Man erfährt das Ende des Prozesses am schnellsten und zweckmäſsigsten durch
Befühlung des Kesselbodens mittels einer langen Stange. Begegnet der Stange am Boden
ein Hinderniſs in Form von groſsen Stücken, so ist eben noch unangegriffene Masse
vorhanden, wenn nicht, so ist die Lösung und Zersetzung vollkommen und das Rührwerk
kann abgestellt werden. Die Masse wird über Nacht der Ruhe überlassen; es findet
dann eine Scheidung in salzige Flüssigkeit und schlammigen Rückstand statt. Man kann daher beide den
nächstfolgenden Tag leicht durch Decantiren trennen.
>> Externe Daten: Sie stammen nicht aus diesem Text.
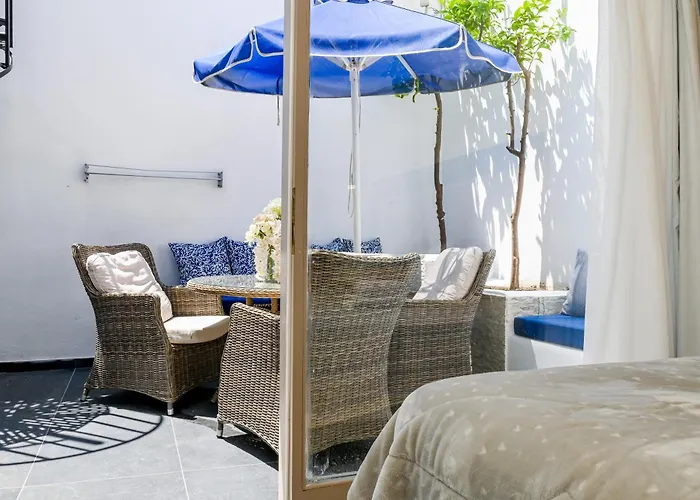 Apartamento Georgia Pelekanou *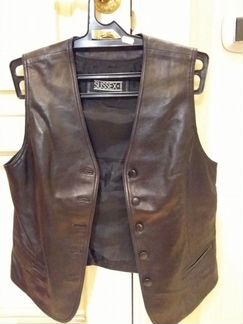 Безрукавка р.46-48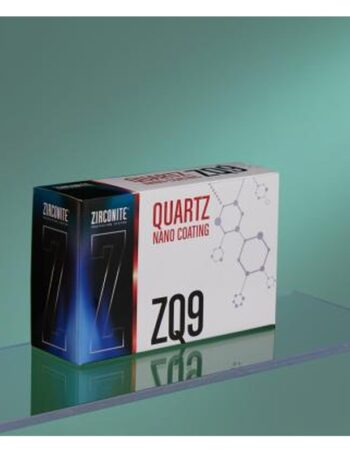 Keramiskais pārklājums CONCEPT Zirconite QUARTZ ZQ9
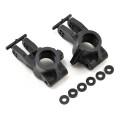 Arrma Rear Hub (2)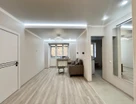 2-к. квартира, 43&nbsp;м²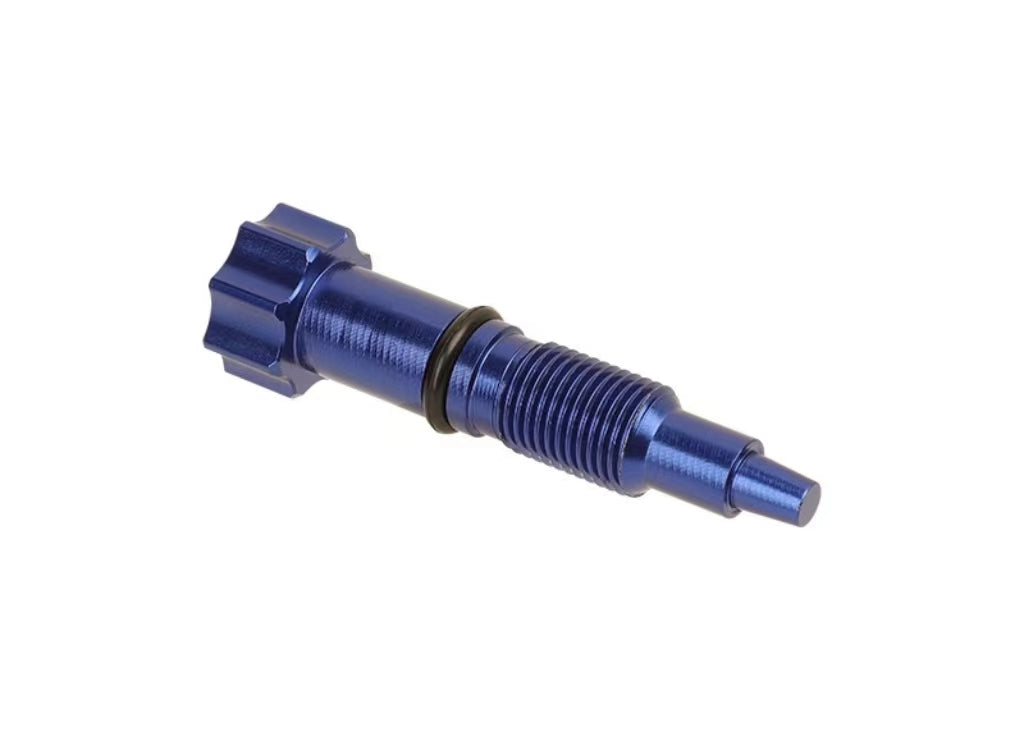 Dirtbike Motocross Throttle Adjuster Screw For Husqvarna TC250/300 GAS EC300  For KTM EXC 250/300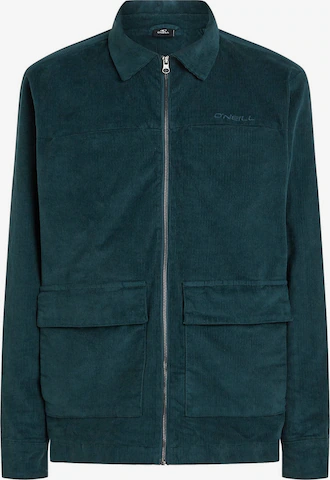 zaļš O'NEILL Starpsezonu jaka: no priekšpuses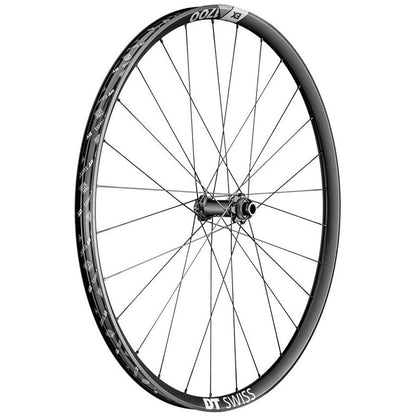 Roda Dianteira DT SWISS EX 1700 SPLINE Boost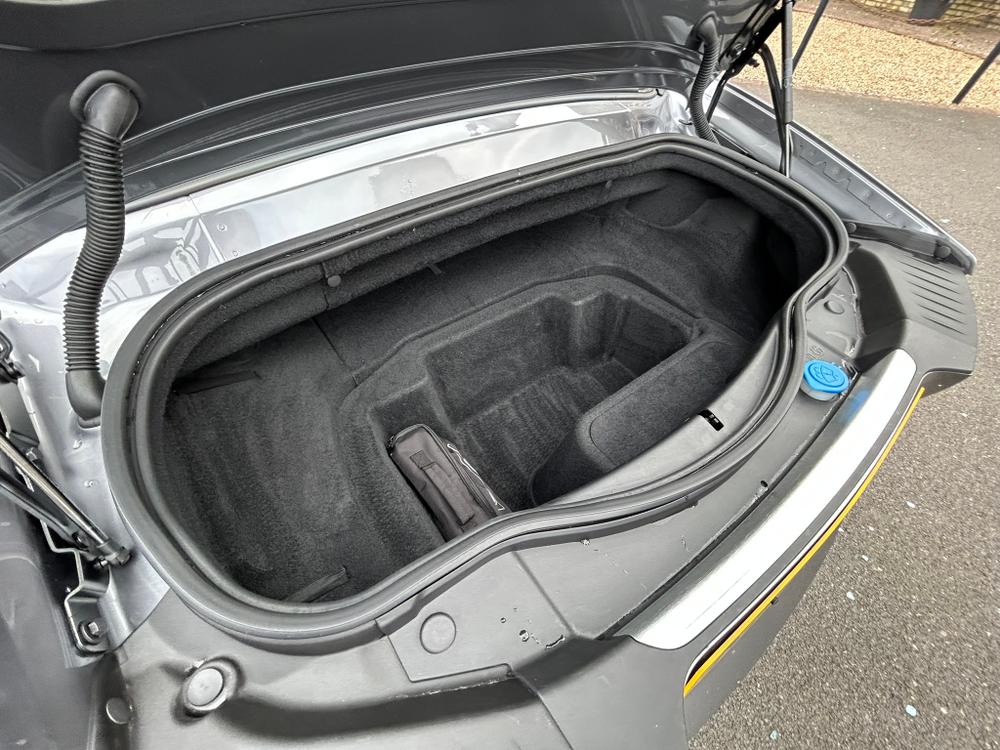 Used Jaguar F-Type KM24TVZ 14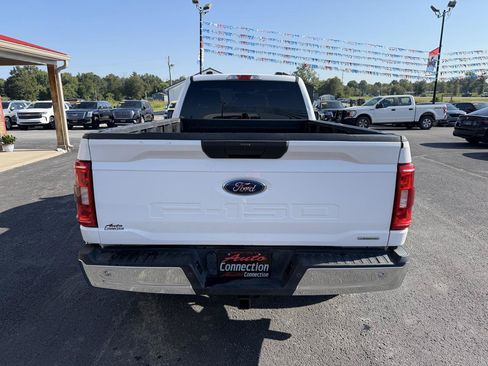 Used 2022 Ford F150 XL w/ Equipment Group 101A High AWD/4WD image 5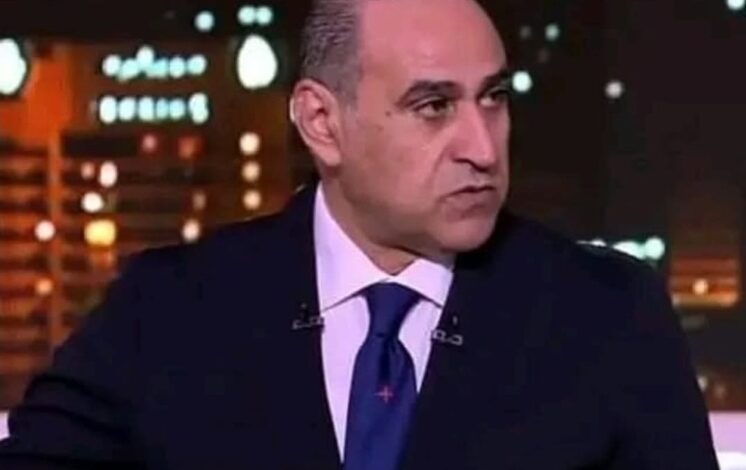 خالد بيومي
(4. Tag): Am Umsetzkessel befinden sich zwei weite Hähne, von denen der eine
unmittelbar am Kessel – in einer vom Boden richtig gewählten, dem Verhältnisse von
Bodensatz und darüber stehender Salzlauge entsprechenden Entfernung – sitzt, so
zwar, daſs durch denselben nur Salzwasser, kein Schlamm ablaufen kann. Der zweite
Hahn ist auf einem Deckel angebracht, welcher ein dicht am Boden befindliches
Mannloch abschlieſst. Will man den Kessel entleeren und den Inhalt filtriren, so
läſst man erst das Salzwasser durch Oeffnen des oberen Hahnes durch ein groſses
Wollfilter ablaufen. Ist dies geschehen, so setzt man das Rührwerk in Gang und
öffnet den unteren Hahn, schlieſslich, wenn dem unteren Hahne nur noch wenig Schlamm
entläuft, das Mannloch. Durch Einspritzen von kaltem Wasser in den Kessel wird
derselbe ausgewaschen und so die letzte Menge Rückstand ausgewaschen. Nach dem
Abtropfen des Niederschlages, das man durch Umrühren begünstigt, wird der Schlamm in
den mit 3000l Wasser angefüllten Kessel
zurückgebracht, einige Zeit durchgerührt, absitzen gelassen und decantirt. Man
bringt den Schlamm wieder mit Wasser auf ein Volumen von 3000l, mischt und decantirt nochmals. Den vollständig
aufs Filter gebrachten Rückstand läſst man über Nacht vollkommen abtropfen.
Schwefelung.
(5. Tag): Den schwarzen feinkörnigen Filterrückstand bringt man – nachdem der
Schwefelungskessel, welcher genau wie der Entsalzungskessel beschaffen und
aufgestellt ist, mit 3000l Wasser angefüllt wurde
– unter Umrühren zum Wasser. Man schlieſst den Kessel, hält das Rührwerk in Gang und
leitet mit Wasser gewaschenen, aus Sodaschlamm und Salzsäure bereiteten
Schwefelwasserstoff in den Kessel ein. Nach etwa 3 stündigem Einleiten ist die Masse
geschwefelt, alles Kupfer in CuS verwandelt, eine nachherige Trennung der in
Salzsäure löslichen Violettbase von dem in Salzsäure unlöslichen Schwefelkupfer
möglich. Eine der Masse entnommene und nach heftigem Durchschütteln in der
Reagirröhre noch nach Schwefelwasserstoff riechende Probe zeigt den Endpunkt der
Schwefelung an. Man öffnet das Mannloch des Kessels, stellt das Rührwerk ab und
überläſst den Kesselinhalt einige Zeit der Ruhe. Dann wird decantirt und durch ein
dem Kessel vorgelegtes Wollfilter filtrirt. Ein goldglänzender feiner Schlamm, aus
Schwefelkupfer und Violettbase bestehend, bleibt auf dem Filter zurück. Der
Rückstand tropft über Nacht vollkommen ab.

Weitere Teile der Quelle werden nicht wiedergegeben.